↓↓↓

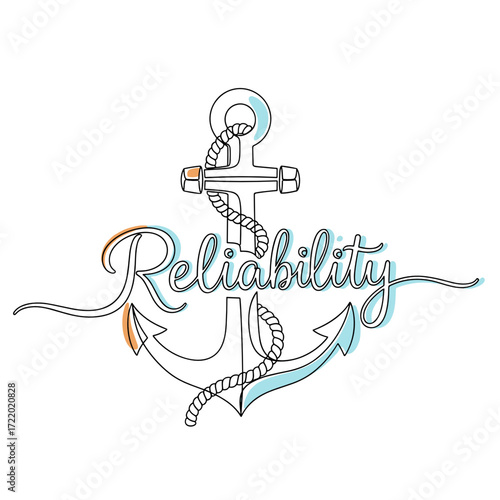 Anchor illustration with the word "Reliability" in flowing script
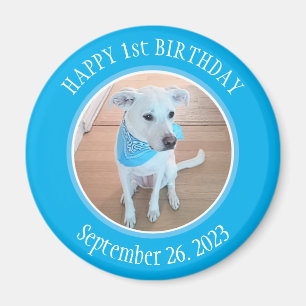 可愛い子犬とブルースカーフ幸せ1歳の誕生日 マグネット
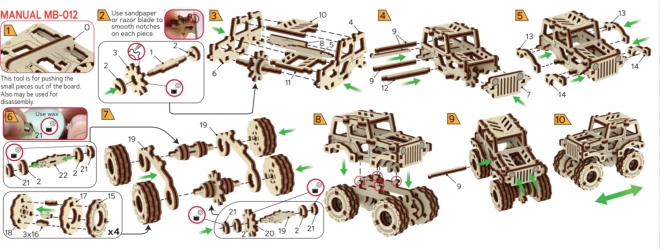 Wooden City 3D puzzle Superfast Monster Truck č.1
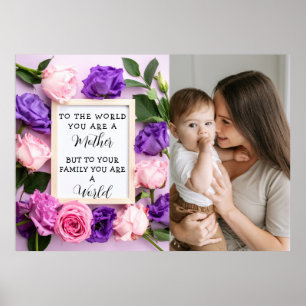 I Love My Mom Mother's day Floral Keepsake Poster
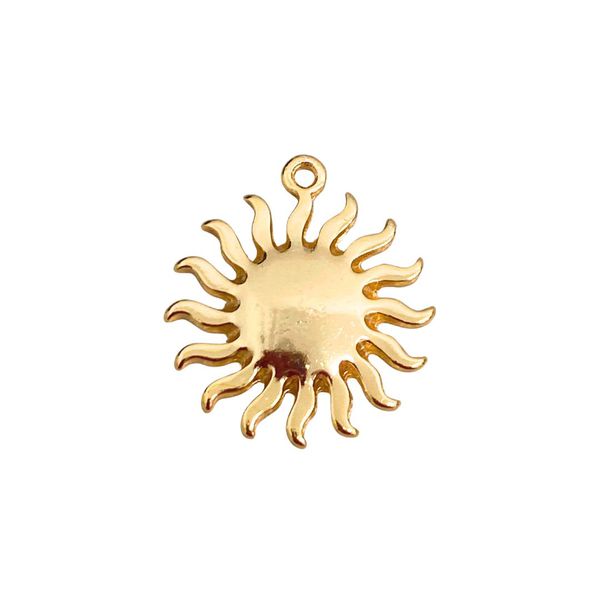 Pingente Grande Sol Dourado Liso - 1 Unidade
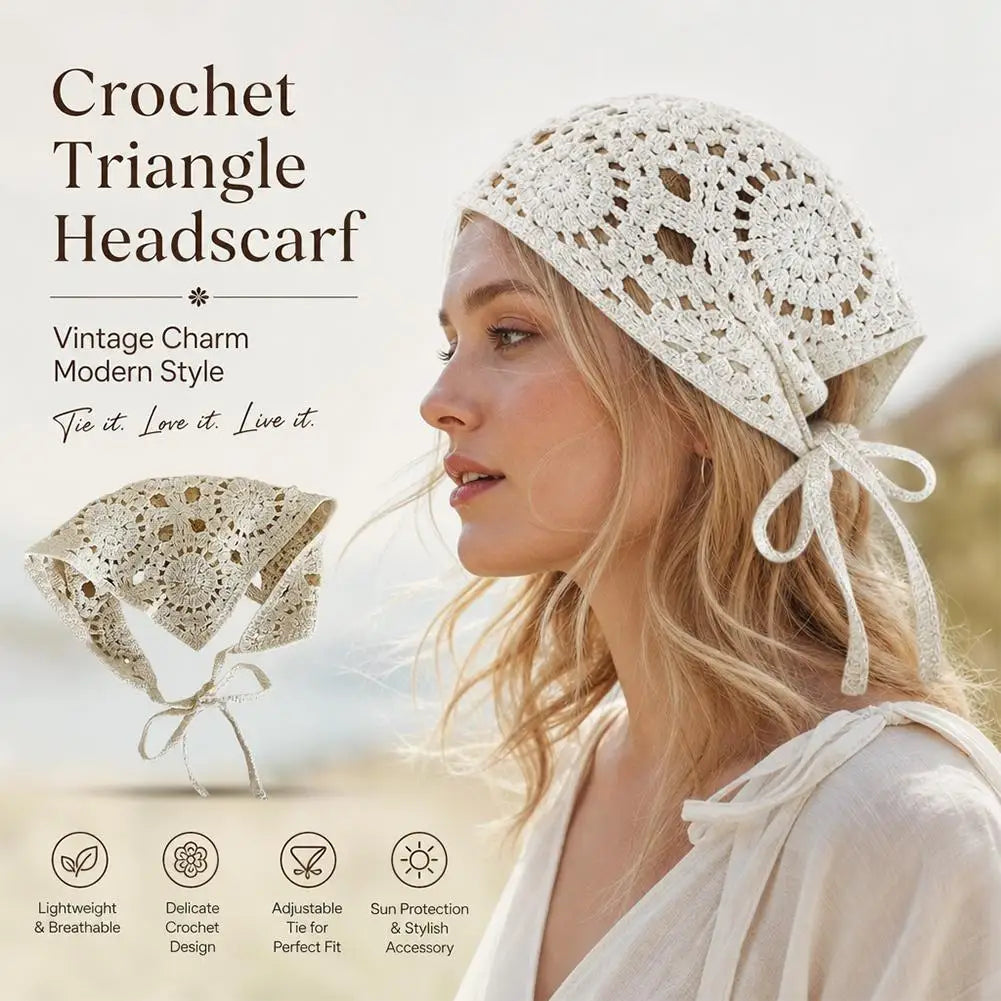 French Hollow Triangle Headband Towel Women Beige Crochet Headbands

↑↑↑

:: Problem statement ::
Copy all the material word for word, minus its pictures.

:: Reply to the exercise ::
 Anchor illustration with the word "Reliability" in flowing script
 可愛い子犬とブルースカーフ幸せ1歳の誕生日 マグネット
 Wooden City 3D puzzle Superfast Monster Truck č.1
 I Love My Mom Mother's day Floral Keepsake Poster
 Pingente Grande Sol Dourado Liso - 1 Unidade
 French Hollow Triangle Headband Towel Women Beige Crochet Headbands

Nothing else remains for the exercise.